My takes on GANs (Generative Adversarial Nets)

What is the fuss with GANs? Everybody loves GANs now. The joke I heard from my advisor is “If your current model does not work, try it aGAN !” (pun-intended).  I realize that it comes down to its adversarial objective function. Some people may think it is sexier than VAE and NADE’s objective function in which they just maximize the log-probability – the likelihood that the model will maximize the given data samples. For VAE, we will maximize the evidence lower-bound (ELBO) while NADE will maximize the conditional log probability. GANs simultaneously maximize and minimize two cost functions.

GANs’ framework has two components: data generator and discriminator. The generator will attempt to create a sample that is hopefully similar to sample from the actual data while the discriminator needs to guess if the given sample is fake or real. This process can be viewed as a competitive game where a generator tries to fool the discriminator. The game is complete when the discriminator is unable to distinguish a generated sample from a real one. On the other hand, we can also look at GANs as a cooperating game where discriminator helps the generator to create a more realistic sample by providing a feedback.

There are 2 cost functions: one for the generator and another for the discriminator. The cost function for the discriminator is a binary cross entropy:

J^{(D)}(\theta^{(D)}, \theta^{(G)}) = -\frac{1}{2}E_{x \sim p_{\text{data}}}[\log D(x)] - \frac{1}{2}E_z[\log(1 - D(G(z)))]

There are two set of mini-batches: one from the real samples and one coming from the generator.
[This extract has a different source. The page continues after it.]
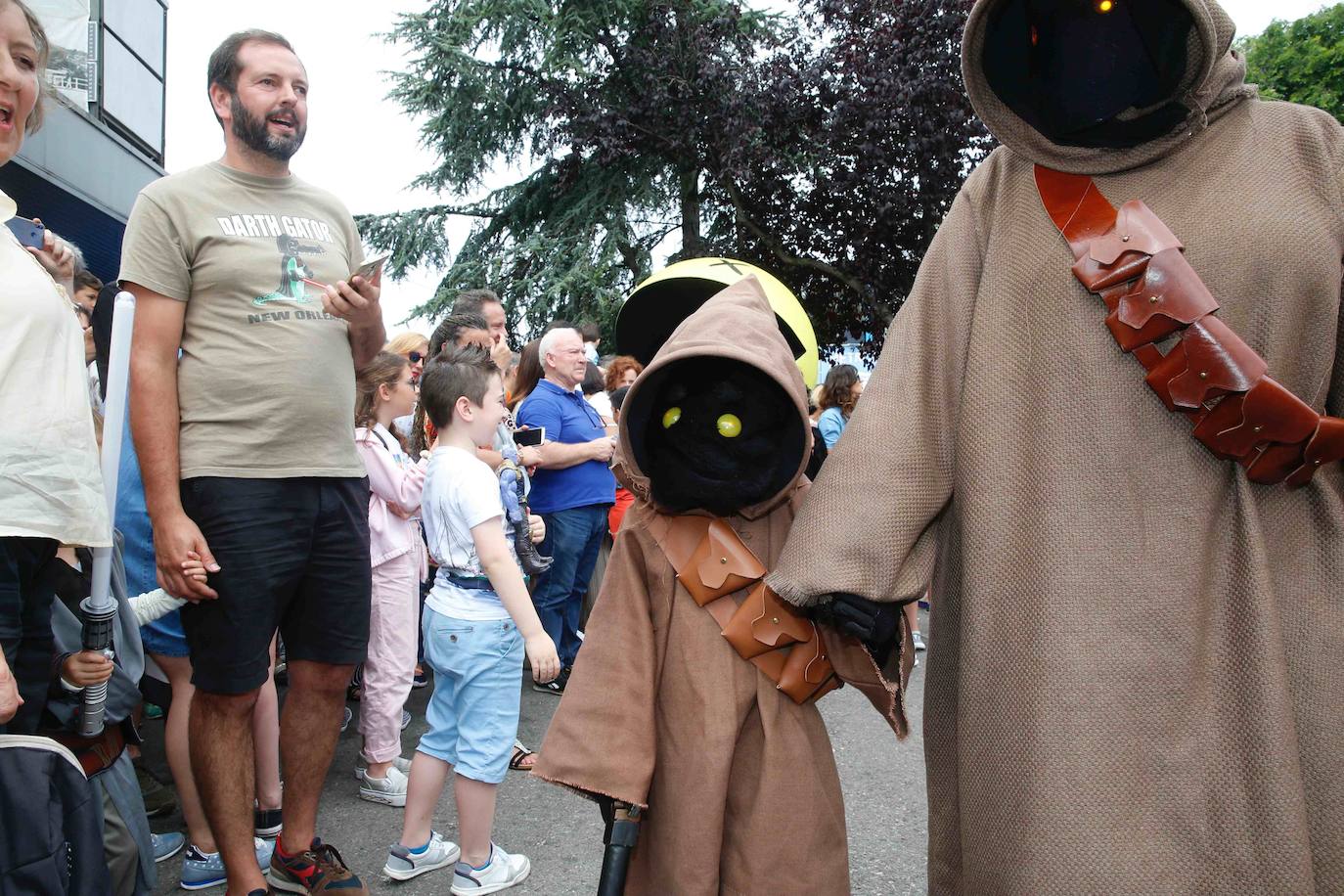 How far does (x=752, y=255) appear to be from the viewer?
16.4 meters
The optimal discriminator will predict the chance of being a true sample as \frac{p_{\text{data}}}{p_{\text{data}} + p_{\text{model}}}.
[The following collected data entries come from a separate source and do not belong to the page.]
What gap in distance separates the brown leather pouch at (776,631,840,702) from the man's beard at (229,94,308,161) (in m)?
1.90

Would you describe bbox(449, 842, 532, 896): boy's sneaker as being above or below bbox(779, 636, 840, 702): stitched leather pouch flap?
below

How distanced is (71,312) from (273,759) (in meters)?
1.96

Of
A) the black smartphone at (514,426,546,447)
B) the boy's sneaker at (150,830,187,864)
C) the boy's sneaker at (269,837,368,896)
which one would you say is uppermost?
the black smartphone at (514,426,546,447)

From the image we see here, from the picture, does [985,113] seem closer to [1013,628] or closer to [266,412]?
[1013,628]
There are many cost functions for a generator. The original paper proposed 2 cost functions. If we construct this learning procedure as a zero-sum game, then the cost function for the generator is simply, J^{(G)} = -J^{(D)}. We simply want to minimize the likelihood of the discriminator for being correct.

Goodfellow [1] mentioned that the above cost function has a vanish gradient problem when the sample is likely to be fake. Hence, to overcome this, he proposed a new cost function for the generator by maximizing the likelihood of the discriminator for being wrong. The new cost function is:

J^{(G)} = -\frac{1}{2}E_z[\log D(G(z))]

The new cost function is more useful in practice but the former function is useful for theoretical analysis, in which we will discuss next. For now, the objective function is:

V(D,G) = \min_G \max_D J^{(D)}(\theta^{(D)}, \theta^{(G)})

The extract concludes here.